Activity:
Below is a listing with pictures. Repeat exactly the lines starting at the one holding "living room with" and going on through the one holding "A male with", and leave every picture out.

Data to examine:
━━━━━━━━━━━━━━━━

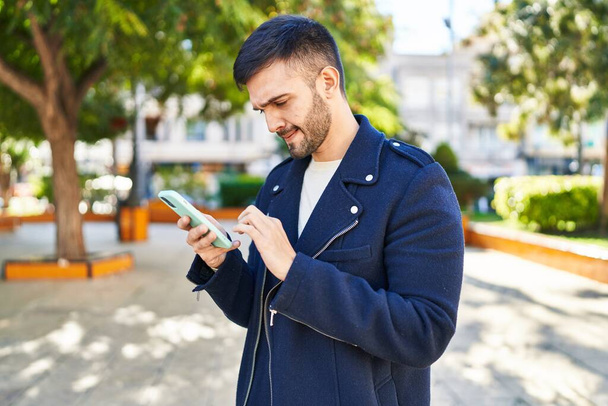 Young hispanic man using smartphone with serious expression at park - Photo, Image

━━━━━━━━━━━━━━━━

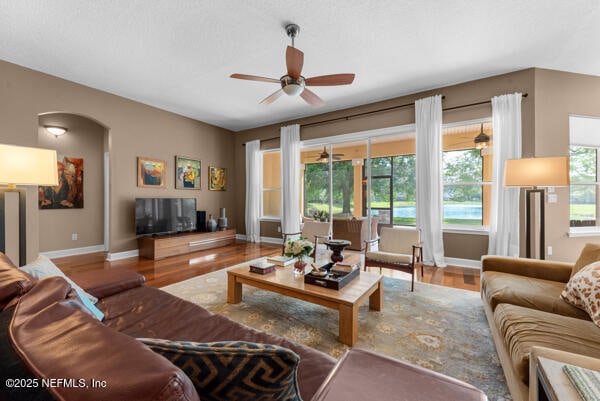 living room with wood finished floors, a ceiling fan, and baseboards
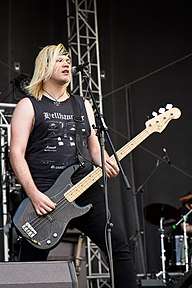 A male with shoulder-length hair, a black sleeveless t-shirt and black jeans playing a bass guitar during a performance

━━━━━━━━━━━━━━━━

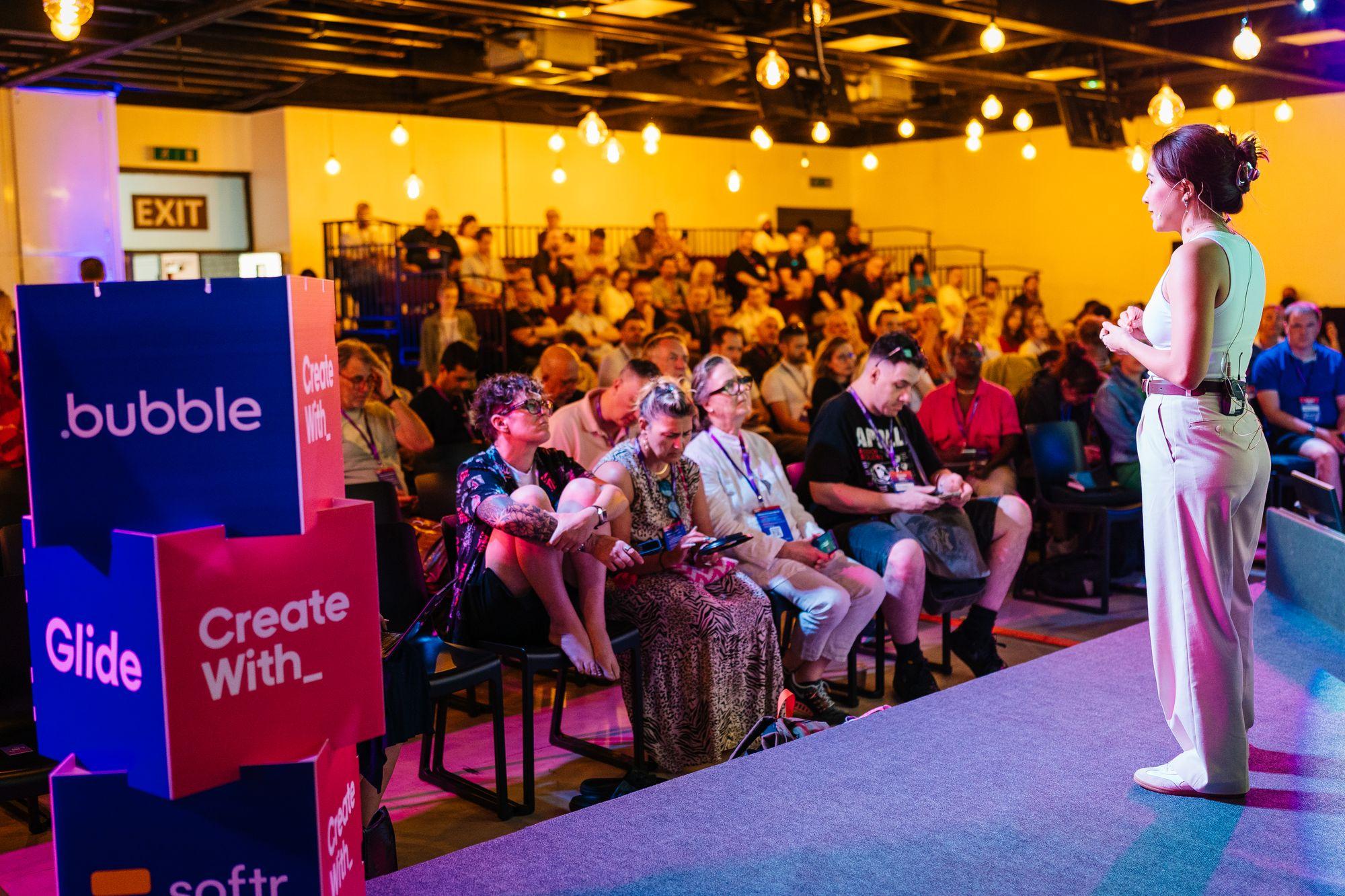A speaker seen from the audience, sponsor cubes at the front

━━━━━━━━━━━━━━━━

Exercise response:
 living room with wood finished floors, a ceiling fan, and baseboards
 A male with shoulder-length hair, a black sleeveless t-shirt and black jeans playing a bass guitar during a performance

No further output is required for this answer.